PROBLEM STATEMENT -
Pictures do not belong in the copy. Return all of the entries exactly.

MATERIALS PROVIDED START

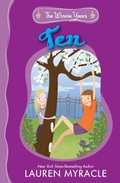 Cover: Ten - Puffin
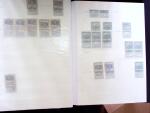 1921-48, Fascinating selection of VARIETIES in five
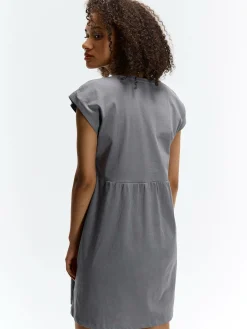 GATE Sukienka bawełniana| Kategorie·Sukienki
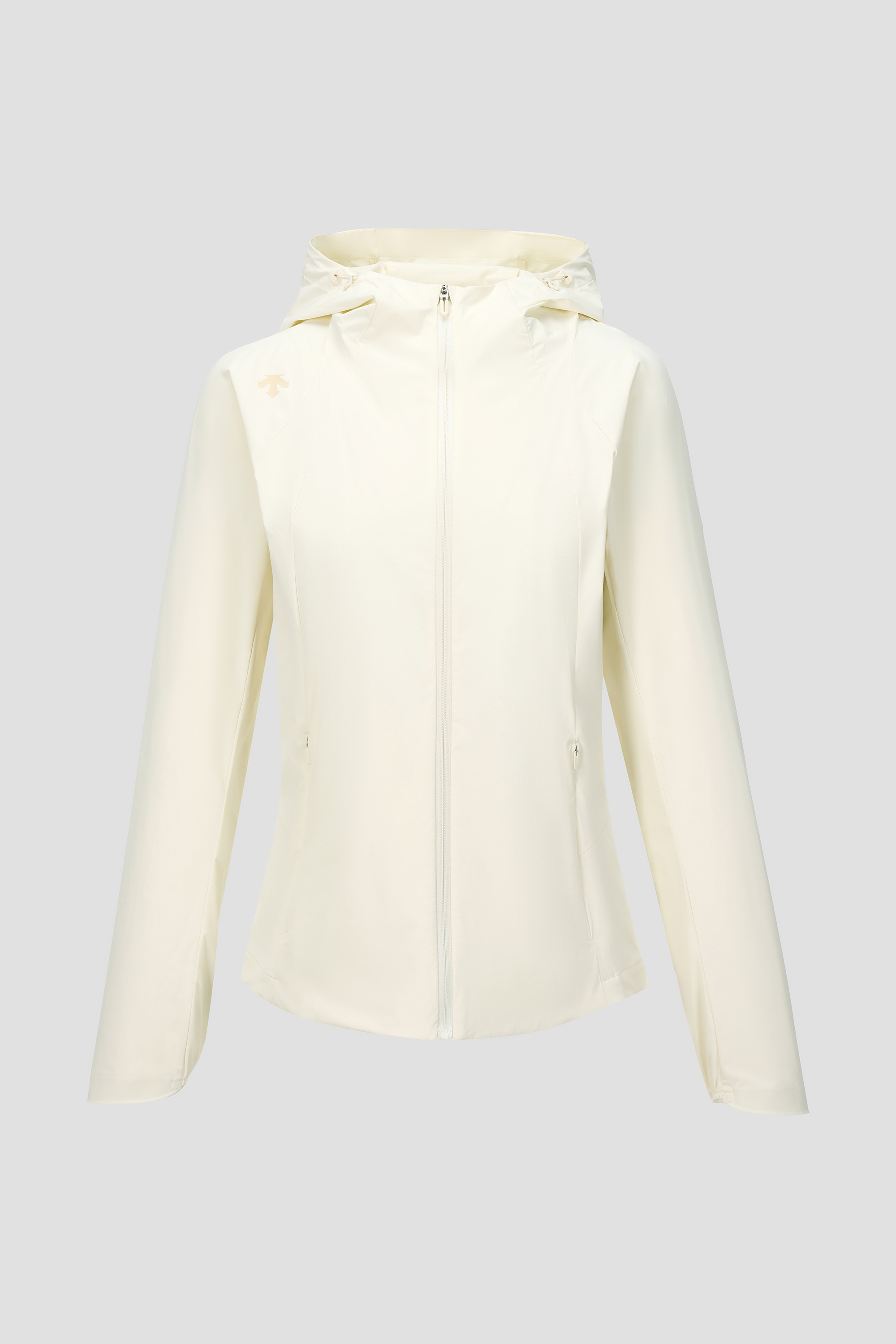 TRAINING Women Woven Jacket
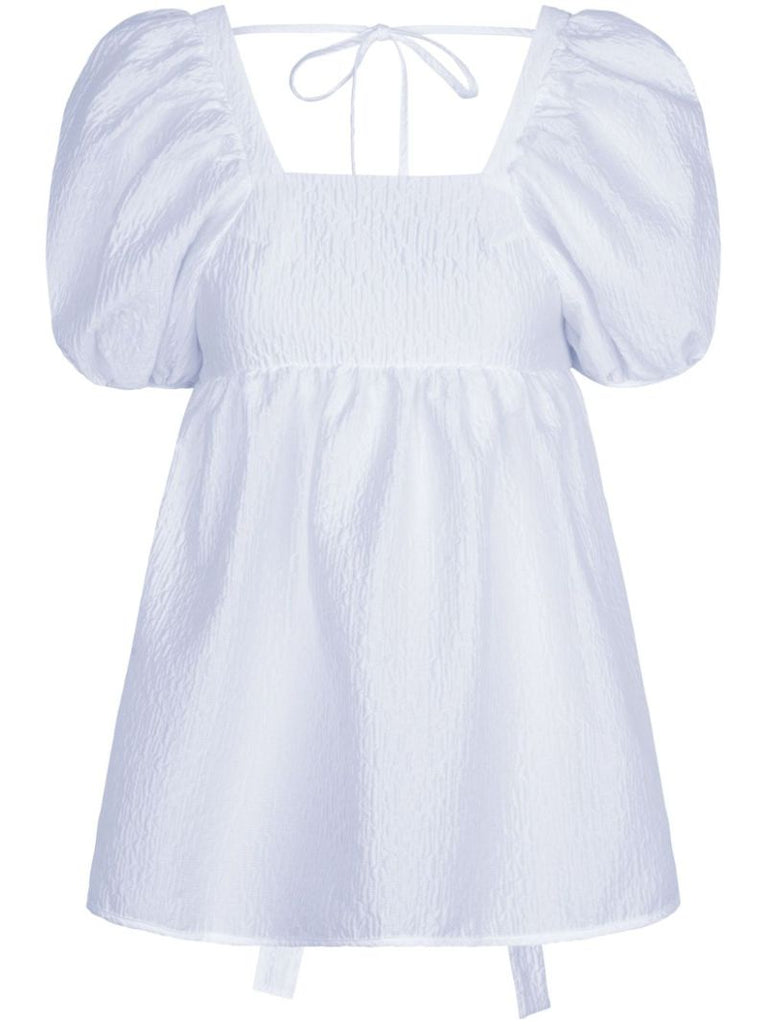 Alma Blouse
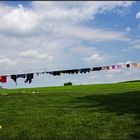 Pennsylvania | washing day |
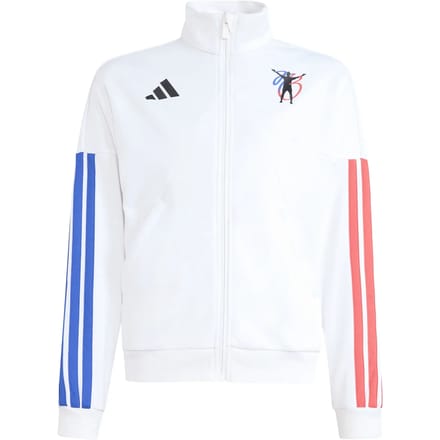Kinder trainingspak adidas Hot Ttop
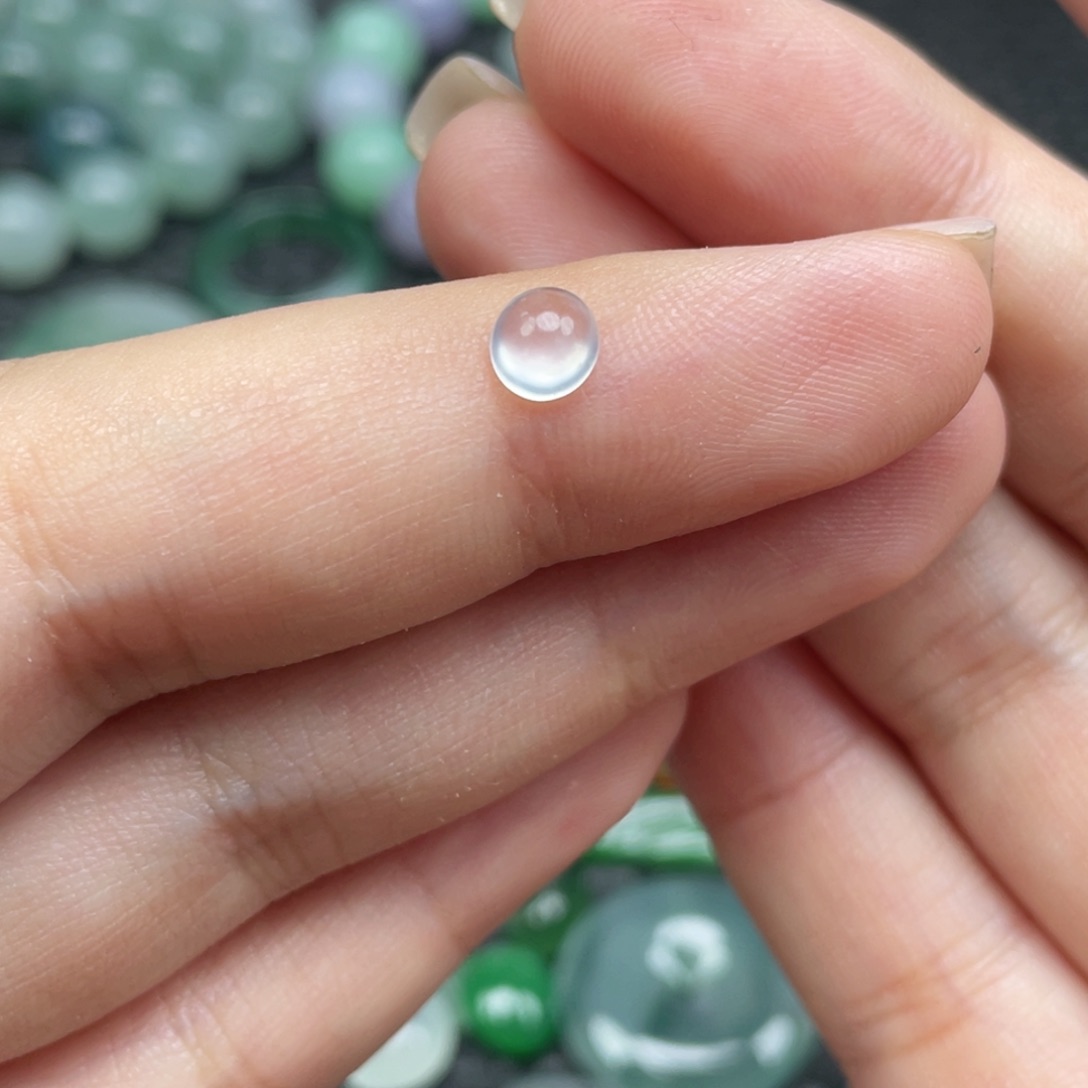 未镶嵌挂件翡翠西****r  翡翠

MATERIALS PROVIDED END

EXERCISE RESULT -
 Cover: Ten - Puffin
 1921-48, Fascinating selection of VARIETIES in five
 GATE Sukienka bawełniana| Kategorie·Sukienki
 TRAINING Women Woven Jacket
 Alma Blouse
 Pennsylvania | washing day |
Kinder trainingspak adidas Hot Ttop
 未镶嵌挂件翡翠西****r  翡翠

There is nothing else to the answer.